Set down all of the records below exactly, please, omitting the images.

Recorded information ::
■ ■ ■ ■

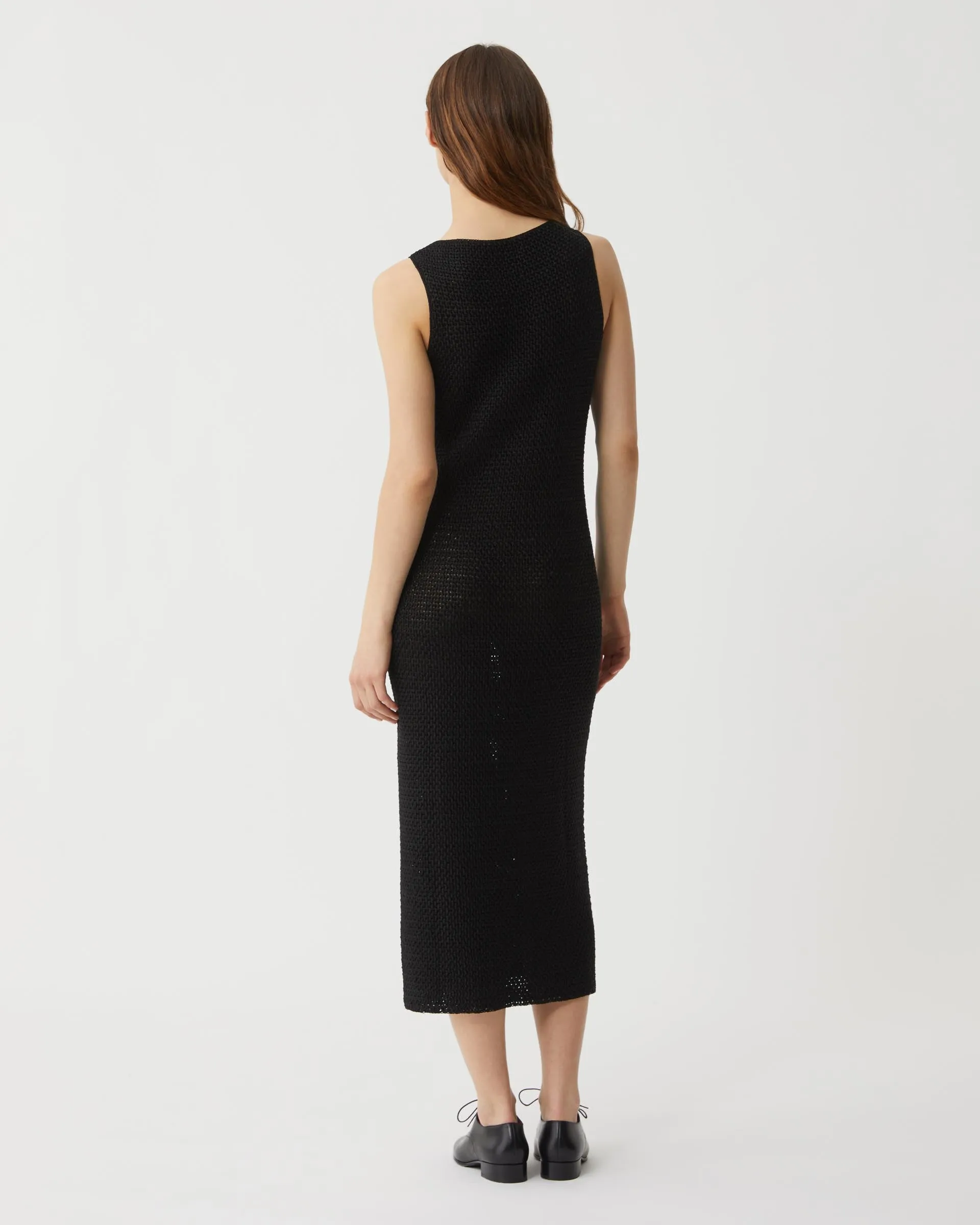 Dorothea Dress in Crochet Silk, Black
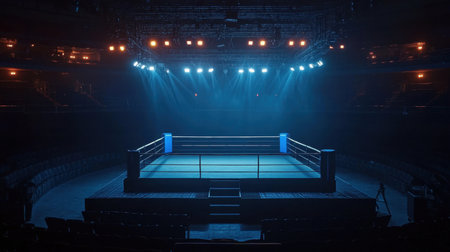 A captivating view of a boxing ring illuminated by dramatic stage lights in an empty arena, creating an intense atmosphere perfect for upcoming matches and events.の素材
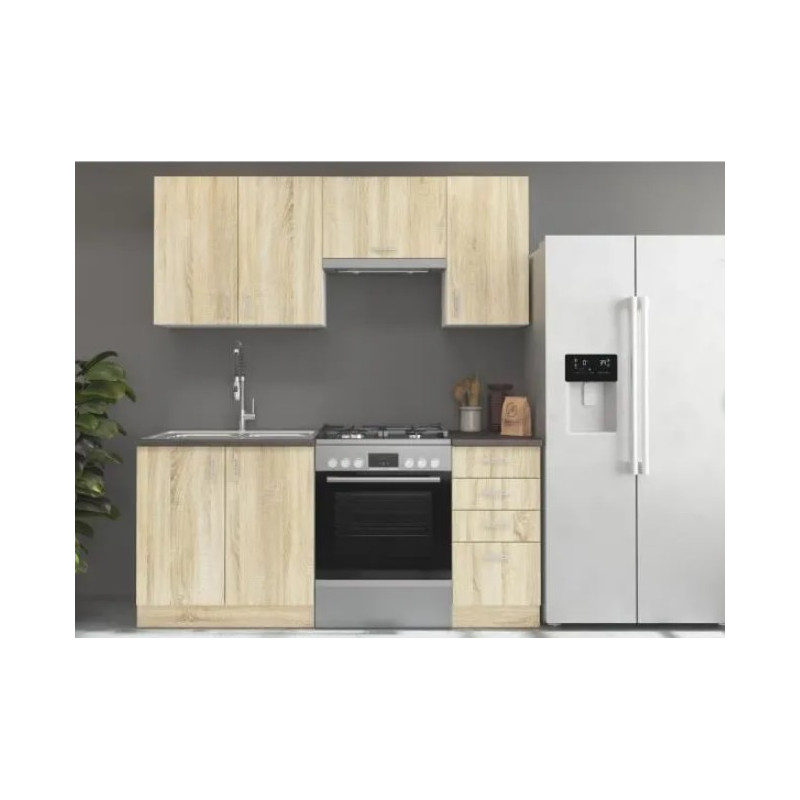 cocina Roble  5 modulos 180 cm sin encimera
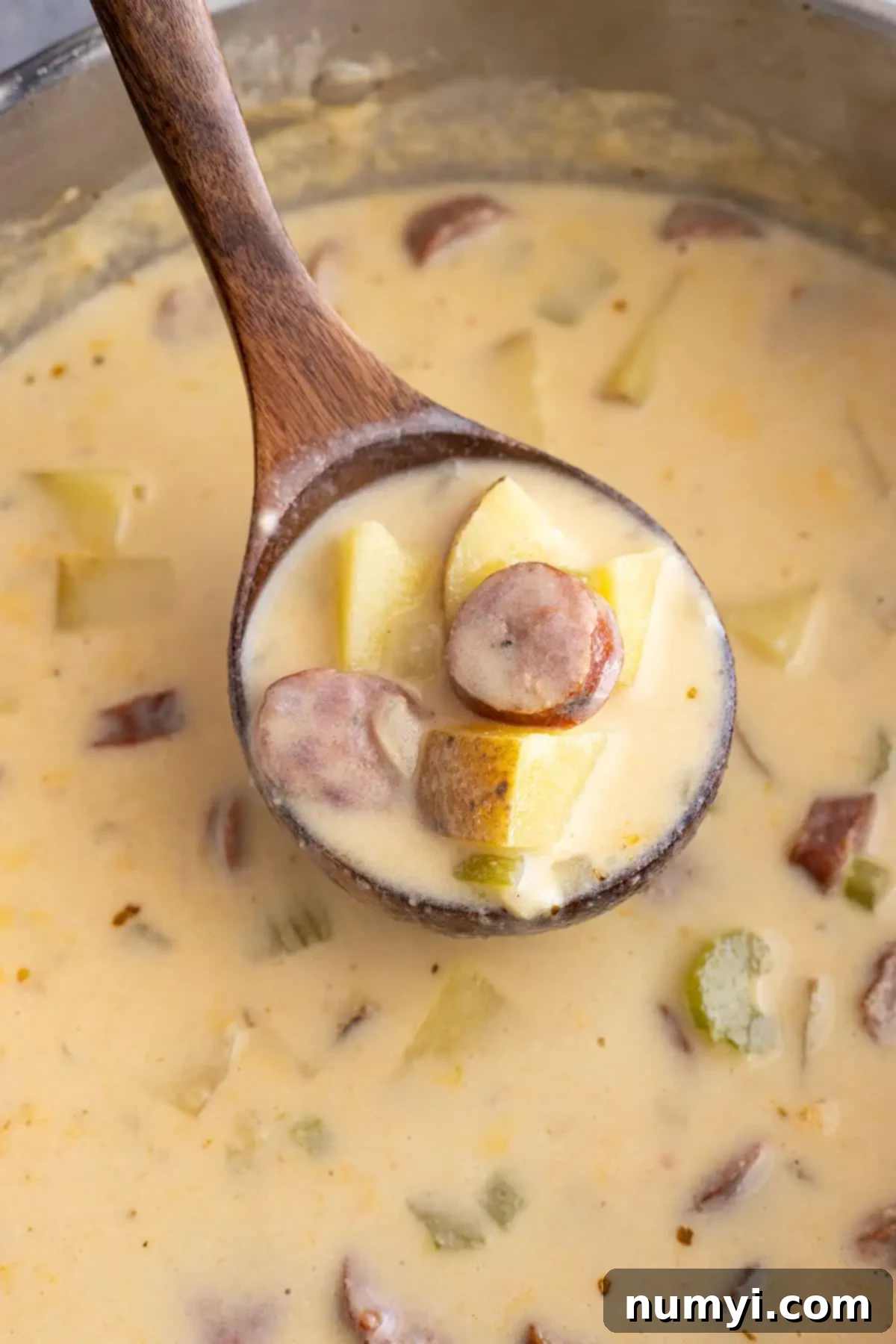 Spiced Cajun Potato Dream 5 A soup ladle pulling up soup ready to dish up.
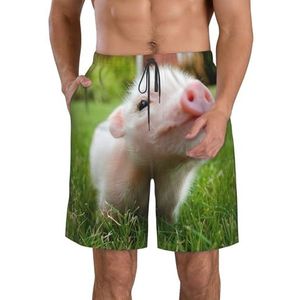 JIAWUJYNB Naughty Pig Print Strandshorts voor heren, lichtgewicht, sneldrogend trekkoord zwembroek met zakken, Wit, XL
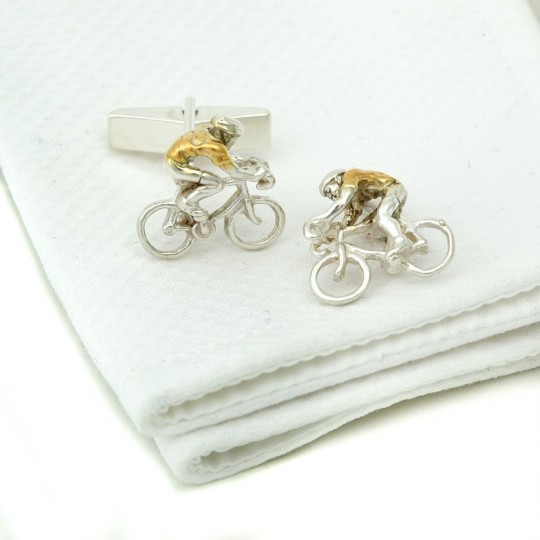 Yellow Jersey Silver and Gold Cyclist Cufflinks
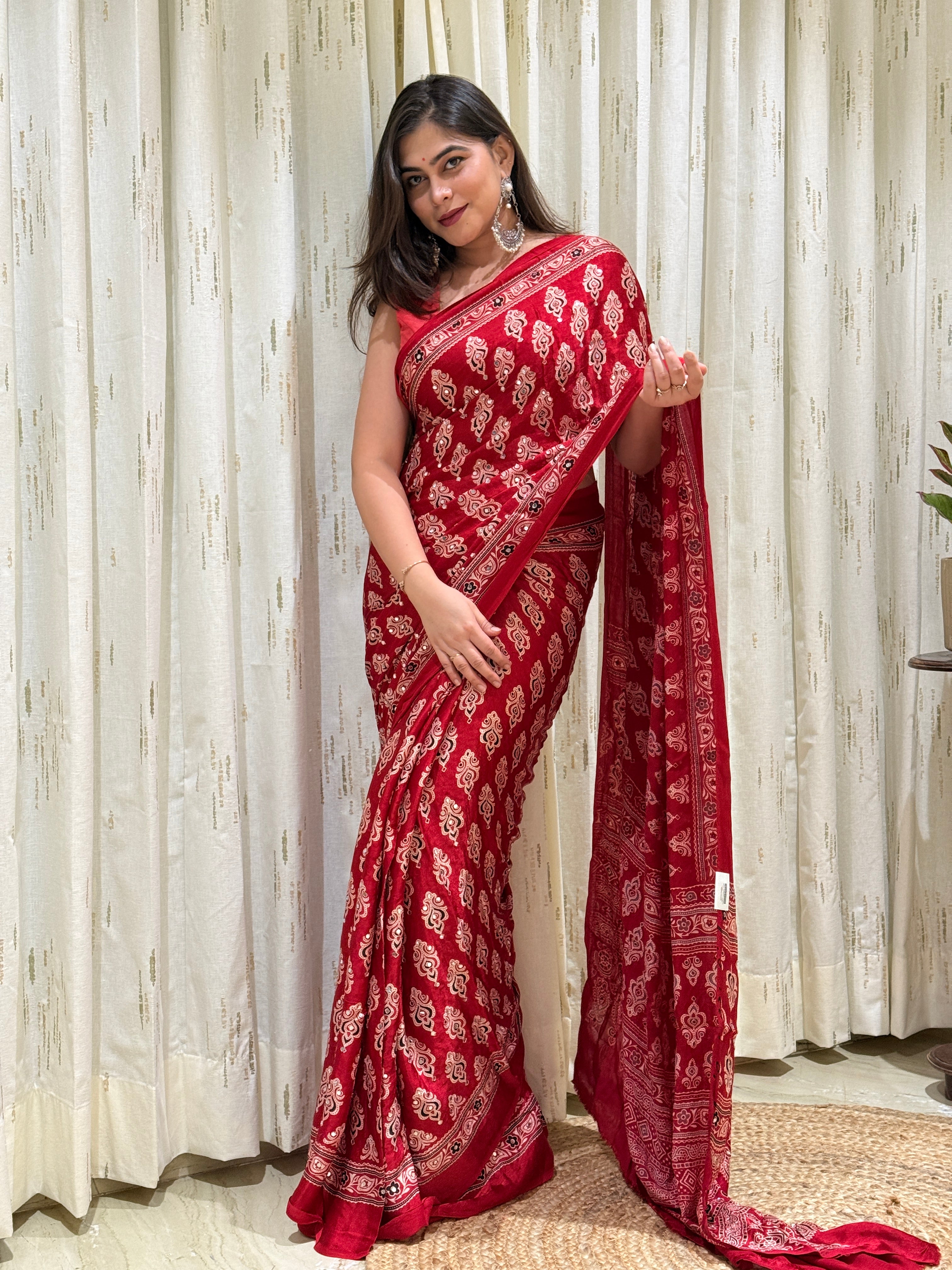Eira Red Modal Silk Ajrakh Saree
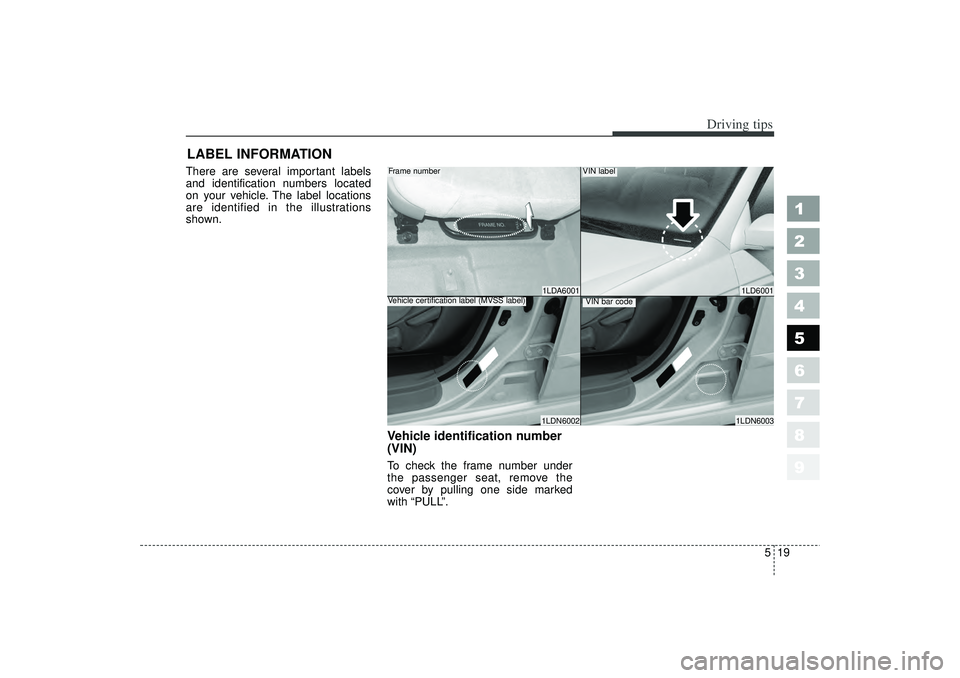 KIA SPECTRA5 2006  Owners Manual 519
Driving tips
1
2
3
4
5
6
7
8
9
LABEL INFORMATION   There are several important labels
and identification numbers located
on your vehicle. The label locations
are identified in the illustrations
sh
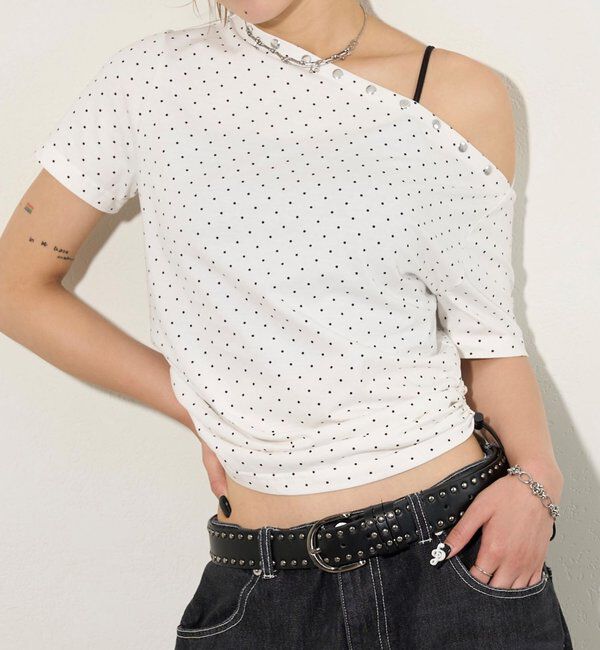  「アソート (カモ柄/ヒョウ柄)/ドット柄)スタッズドロストワンショルTEE」|Tシャツ・カットソー|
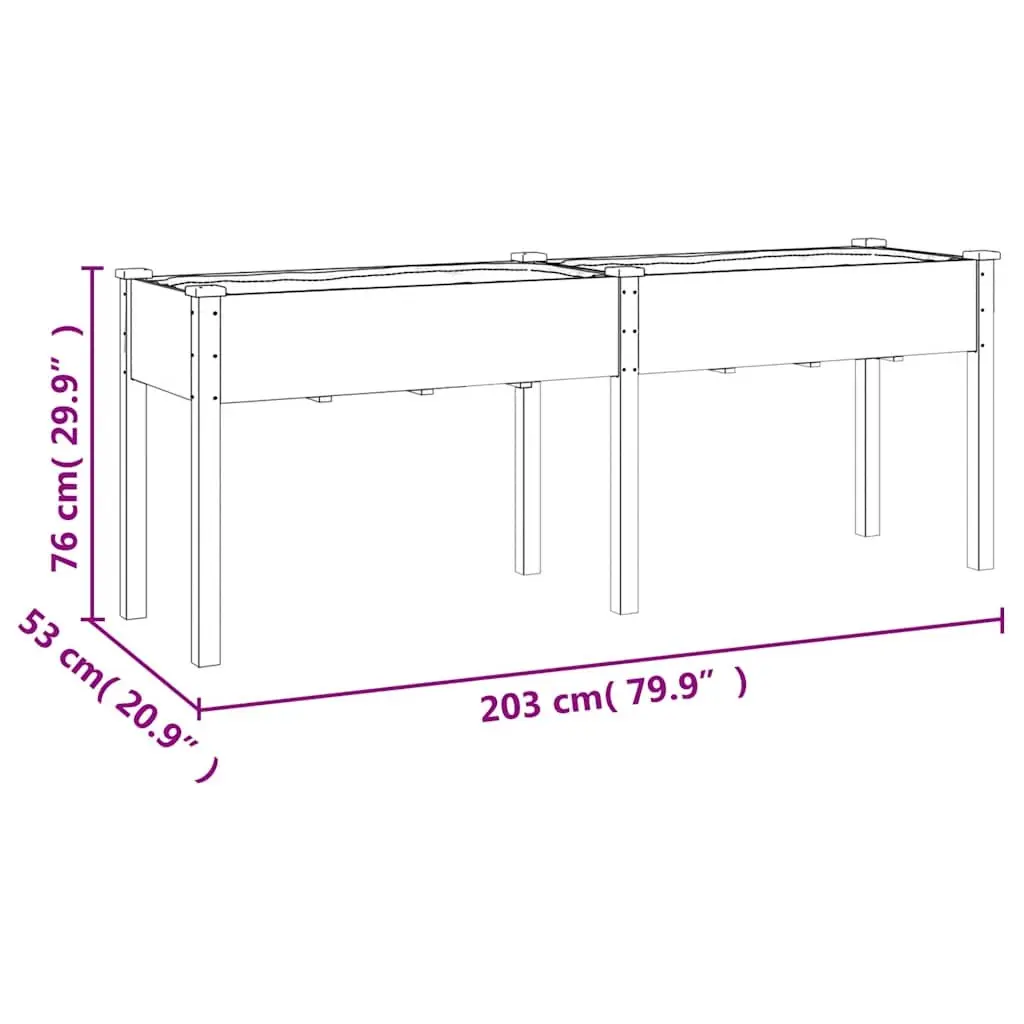 Wooden Planter Box for Garden Balcony 203 x 53 x 76 cm Grey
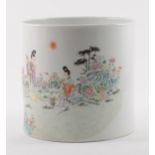 A Chinese porcelain cylindrical brush holder, 20th century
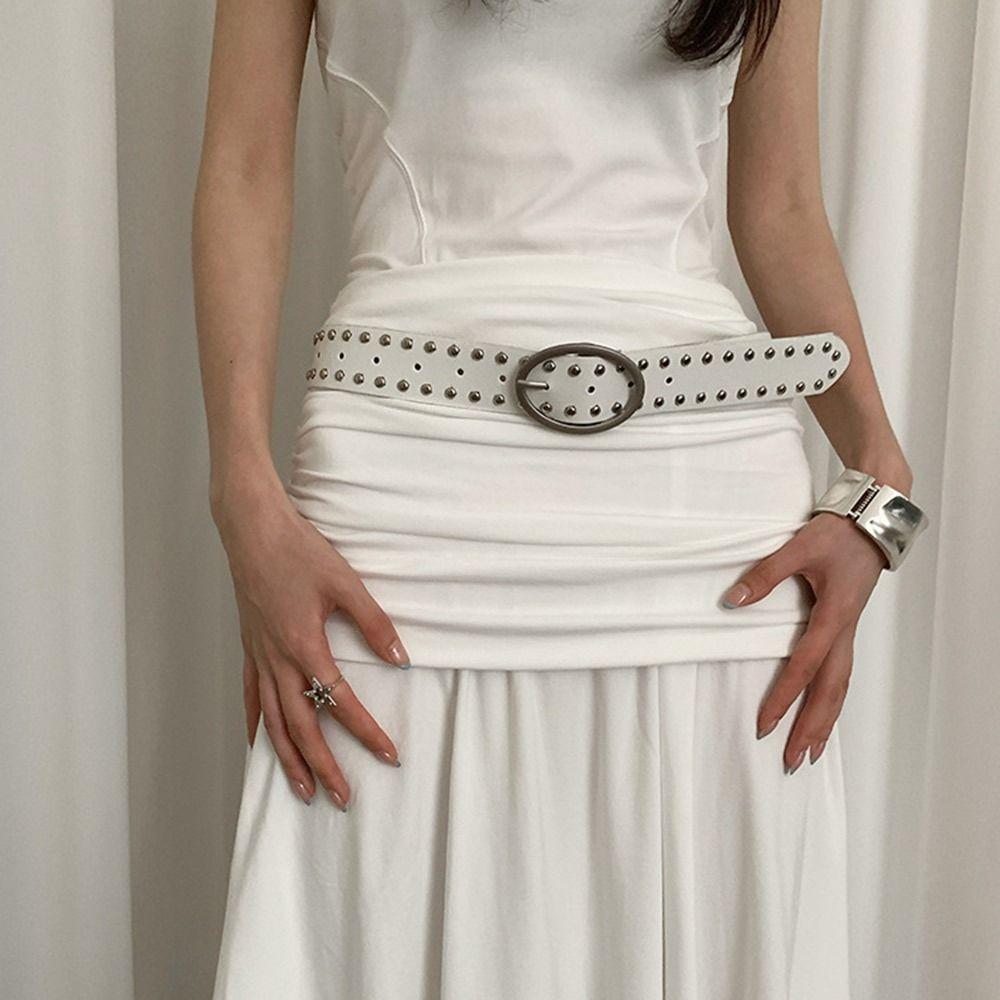 Alloy Buckle Y2K Belt Pu Leather Skinny Waist Straps Retro Bohemian Rivet Belt  Women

■ ■ ■ ■

Answer for this exercise ::
 Dorothea Dress in Crochet Silk, Black
 A captivating view of a boxing ring illuminated by dramatic stage lights in an empty arena, creating an intense atmosphere perfect for upcoming matches and events.の素材
 cocina Roble  5 modulos 180 cm sin encimera
 Spiced Cajun Potato Dream 5 A soup ladle pulling up soup ready to dish up.
 JIAWUJYNB Naughty Pig Print Strandshorts voor heren, lichtgewicht, sneldrogend trekkoord zwembroek met zakken, Wit, XL
 Yellow Jersey Silver and Gold Cyclist Cufflinks
Eira Red Modal Silk Ajrakh Saree
 KIA SPECTRA5 2006  Owners Manual 519
Driving tips
1
2
3
4
5
6
7
8
9
LABEL INFORMATION   There are several important labels
and identification numbers located
on your vehicle. The label locations
are identified in the illustrations
sh
  「アソート (カモ柄/ヒョウ柄)/ドット柄)スタッズドロストワンショルTEE」|Tシャツ・カットソー|
 Wooden Planter Box for Garden Balcony 203 x 53 x 76 cm Grey
 A Chinese porcelain cylindrical brush holder, 20th century
 Alloy Buckle Y2K Belt Pu Leather Skinny Waist Straps Retro Bohemian Rivet Belt  Women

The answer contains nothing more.